Section 5: Post-digitization
The text above discusses the importance of creating an ingest protocol and coordinating with other stakeholders in the client organization (and perhaps partner organizations) who are depended upon or directly impacted. Also discussed as part of the ingest protocol was walking through the details of populating client systems with media and metadata. All of these are critical elements of properly planning for post-digitization. One aspect not yet covered is how to calculate storage requirements for each of the target systems, in total and over time. This will be an important piece of data for IT infrastructure planning, for budgeting for the delivery media in the project, and for logistical planning for quality control, ingest, and longer term storage.

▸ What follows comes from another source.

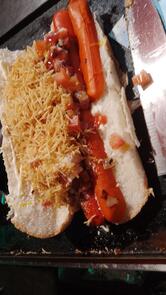 Hot Dog Do Foca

The basis for calculating storage requirements will be an inventory of items selected for digitization. Populate a spreadsheet with the following columns:
- Format
- Quantity
- Estimated average duration (use media duration if program duration is unknown)

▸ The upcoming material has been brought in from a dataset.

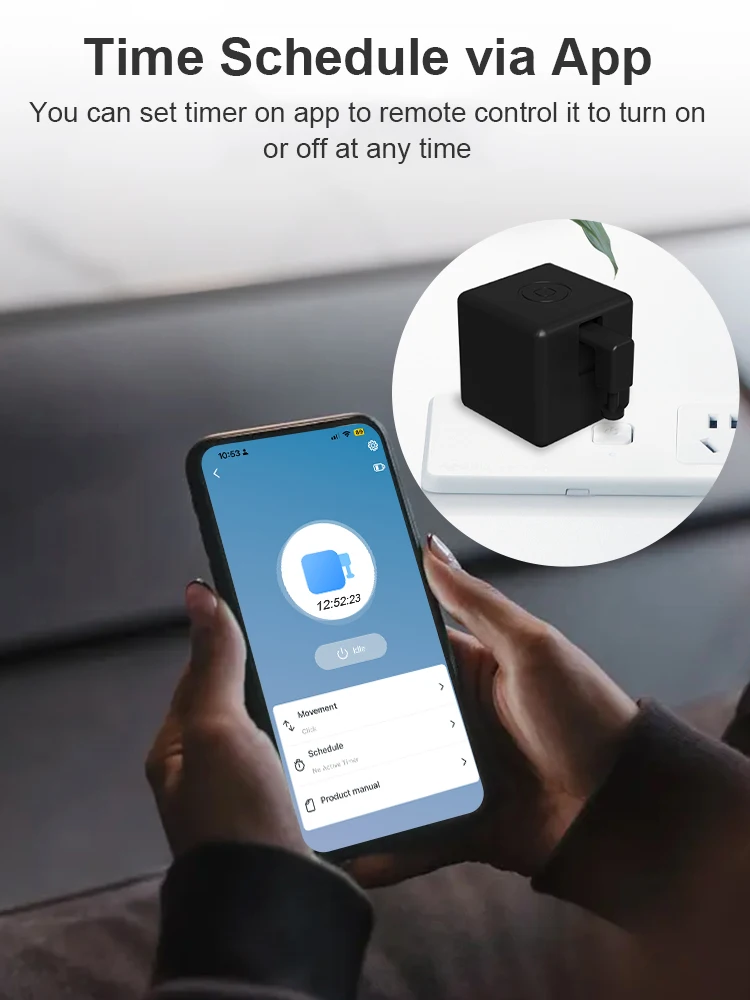 Robot DIY pour presser les bou - Home Automation Diy avis et prix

- Estimated total duration (quantity x estimated average duration)
- Preservation master file size (GB/TB per hour/min x estimated total duration)
- Mezzanine copy file size (GB/TB per hour/min x estimated total duration)

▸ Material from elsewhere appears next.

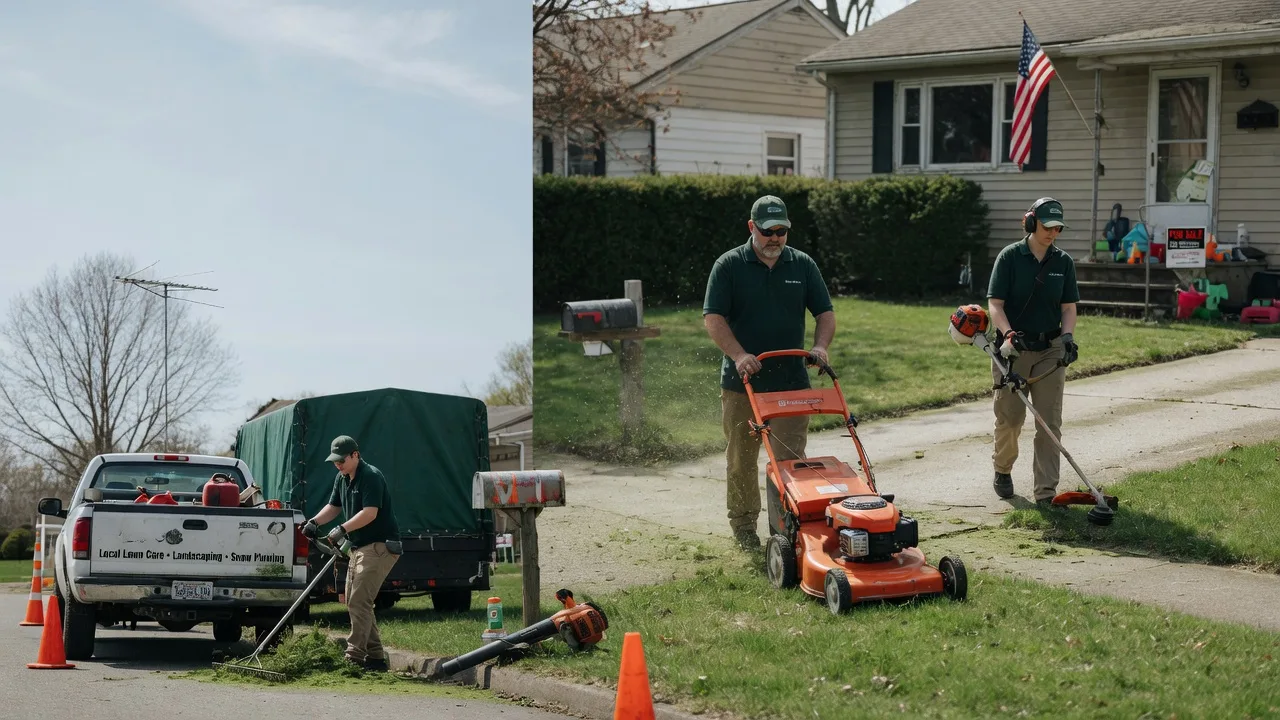 Lawn Care Services By Expert Landscaper in Duncanville, AL near me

- Access copy file size (GB/TB per hour/min x estimated total duration)
- Total file size (PM file size + Mezz copy file size + Access copy file size)
Summing across all formats will provide the total required storage capacity. If the capacity of the delivery media is known, then the quantity of media to purchase can be calculated, and the client can plan for what will be received.
Knowing total storage capacity is helpful, but a lower level piece of information that is more useful when planning for IT storage infrastructure is how that data will be produced over time. This is much more true for large projects than small projects where everything will come in at once.
To calculate the storage capacity growth over time, the client organization will need to have either specified or have a sense of the frequency and quantity of batches being delivered from the vendor. Note that this same information is also useful for planning for quality control and ingest staffing. Once the frequency and quantities (and possibly formats) of deliveries are known, the spreadsheet created to calculate total storage capacity can be used to calculate storage capacity growth over time. Furthermore, if it is known which target formats will populate which target systems, this calculation can be performed at the target system level.